Supplied data:
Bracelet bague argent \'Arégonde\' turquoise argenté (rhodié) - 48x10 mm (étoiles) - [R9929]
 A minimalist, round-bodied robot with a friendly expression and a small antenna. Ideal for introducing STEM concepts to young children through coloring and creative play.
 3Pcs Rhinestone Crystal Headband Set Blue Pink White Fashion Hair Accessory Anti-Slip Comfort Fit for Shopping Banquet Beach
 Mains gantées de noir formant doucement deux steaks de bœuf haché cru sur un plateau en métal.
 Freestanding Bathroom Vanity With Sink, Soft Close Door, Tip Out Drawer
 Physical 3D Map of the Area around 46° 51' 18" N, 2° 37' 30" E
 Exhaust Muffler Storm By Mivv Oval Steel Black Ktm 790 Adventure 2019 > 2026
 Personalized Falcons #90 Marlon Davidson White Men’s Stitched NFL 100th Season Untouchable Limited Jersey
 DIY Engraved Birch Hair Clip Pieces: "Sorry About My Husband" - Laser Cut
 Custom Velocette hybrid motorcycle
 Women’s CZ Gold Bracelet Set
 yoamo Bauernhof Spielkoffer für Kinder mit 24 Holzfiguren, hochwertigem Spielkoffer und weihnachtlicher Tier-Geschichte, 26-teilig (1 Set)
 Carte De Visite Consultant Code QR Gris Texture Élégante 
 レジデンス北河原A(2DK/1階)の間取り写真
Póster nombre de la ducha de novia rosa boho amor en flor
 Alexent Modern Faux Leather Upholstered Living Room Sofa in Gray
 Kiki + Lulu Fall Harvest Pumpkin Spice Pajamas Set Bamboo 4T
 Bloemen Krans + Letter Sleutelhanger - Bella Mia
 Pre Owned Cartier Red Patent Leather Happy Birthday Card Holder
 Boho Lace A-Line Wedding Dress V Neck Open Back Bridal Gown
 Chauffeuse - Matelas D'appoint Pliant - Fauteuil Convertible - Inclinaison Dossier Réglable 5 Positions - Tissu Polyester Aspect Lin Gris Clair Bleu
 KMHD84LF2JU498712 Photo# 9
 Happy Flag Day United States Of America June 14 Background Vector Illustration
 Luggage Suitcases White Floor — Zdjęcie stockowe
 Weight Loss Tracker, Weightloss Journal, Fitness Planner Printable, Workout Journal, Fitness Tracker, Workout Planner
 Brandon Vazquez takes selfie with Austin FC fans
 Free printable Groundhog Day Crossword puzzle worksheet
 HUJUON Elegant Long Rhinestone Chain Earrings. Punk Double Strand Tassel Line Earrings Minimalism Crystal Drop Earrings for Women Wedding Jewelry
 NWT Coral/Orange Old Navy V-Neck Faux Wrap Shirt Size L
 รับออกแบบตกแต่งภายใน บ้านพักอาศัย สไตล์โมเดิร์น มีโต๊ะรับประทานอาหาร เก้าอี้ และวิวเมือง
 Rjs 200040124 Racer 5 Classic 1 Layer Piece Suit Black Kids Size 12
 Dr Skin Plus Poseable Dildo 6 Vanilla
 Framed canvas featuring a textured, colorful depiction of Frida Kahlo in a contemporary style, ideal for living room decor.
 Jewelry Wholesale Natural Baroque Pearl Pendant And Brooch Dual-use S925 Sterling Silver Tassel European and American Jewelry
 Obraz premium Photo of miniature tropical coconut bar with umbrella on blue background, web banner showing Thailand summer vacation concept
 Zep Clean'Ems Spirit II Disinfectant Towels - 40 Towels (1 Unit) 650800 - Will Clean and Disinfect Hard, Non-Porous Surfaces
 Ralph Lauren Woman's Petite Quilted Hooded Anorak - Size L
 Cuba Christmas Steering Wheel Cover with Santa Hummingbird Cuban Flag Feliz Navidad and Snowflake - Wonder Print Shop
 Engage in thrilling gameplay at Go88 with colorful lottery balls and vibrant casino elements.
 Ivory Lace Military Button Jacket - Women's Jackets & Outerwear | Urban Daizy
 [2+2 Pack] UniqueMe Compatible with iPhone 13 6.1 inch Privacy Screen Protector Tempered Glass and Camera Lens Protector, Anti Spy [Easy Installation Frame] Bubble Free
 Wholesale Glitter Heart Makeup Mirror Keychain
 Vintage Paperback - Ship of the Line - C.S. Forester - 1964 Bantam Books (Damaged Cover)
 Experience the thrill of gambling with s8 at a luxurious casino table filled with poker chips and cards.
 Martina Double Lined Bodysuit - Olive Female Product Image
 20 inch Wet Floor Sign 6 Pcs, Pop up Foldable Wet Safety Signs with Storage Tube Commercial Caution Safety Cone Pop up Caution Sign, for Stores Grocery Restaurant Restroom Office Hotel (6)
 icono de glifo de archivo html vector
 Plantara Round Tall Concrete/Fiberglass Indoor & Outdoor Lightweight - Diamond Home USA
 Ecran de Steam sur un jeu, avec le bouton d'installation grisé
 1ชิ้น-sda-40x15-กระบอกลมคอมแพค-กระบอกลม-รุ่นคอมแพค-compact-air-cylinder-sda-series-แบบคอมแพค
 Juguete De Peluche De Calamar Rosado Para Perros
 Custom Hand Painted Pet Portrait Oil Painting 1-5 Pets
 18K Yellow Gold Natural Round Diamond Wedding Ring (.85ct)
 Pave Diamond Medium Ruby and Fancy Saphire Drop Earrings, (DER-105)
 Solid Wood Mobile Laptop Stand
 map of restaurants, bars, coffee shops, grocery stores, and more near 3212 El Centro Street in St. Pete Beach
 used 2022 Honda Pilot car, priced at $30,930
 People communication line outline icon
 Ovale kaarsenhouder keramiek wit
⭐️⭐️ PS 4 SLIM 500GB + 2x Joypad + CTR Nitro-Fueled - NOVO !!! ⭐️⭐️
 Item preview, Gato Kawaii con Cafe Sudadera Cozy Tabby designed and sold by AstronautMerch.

Exercise aim: Give again exactly, and only, the lines above starting at the one with "Carte De Visite" and ending at the one with "Luggage Suitcases White".

Answer to this exercise:
 Carte De Visite Consultant Code QR Gris Texture Élégante 
 レジデンス北河原A(2DK/1階)の間取り写真
Póster nombre de la ducha de novia rosa boho amor en flor
 Alexent Modern Faux Leather Upholstered Living Room Sofa in Gray
 Kiki + Lulu Fall Harvest Pumpkin Spice Pajamas Set Bamboo 4T
 Bloemen Krans + Letter Sleutelhanger - Bella Mia
 Pre Owned Cartier Red Patent Leather Happy Birthday Card Holder
 Boho Lace A-Line Wedding Dress V Neck Open Back Bridal Gown
 Chauffeuse - Matelas D'appoint Pliant - Fauteuil Convertible - Inclinaison Dossier Réglable 5 Positions - Tissu Polyester Aspect Lin Gris Clair Bleu
 KMHD84LF2JU498712 Photo# 9
 Happy Flag Day United States Of America June 14 Background Vector Illustration
 Luggage Suitcases White Floor — Zdjęcie stockowe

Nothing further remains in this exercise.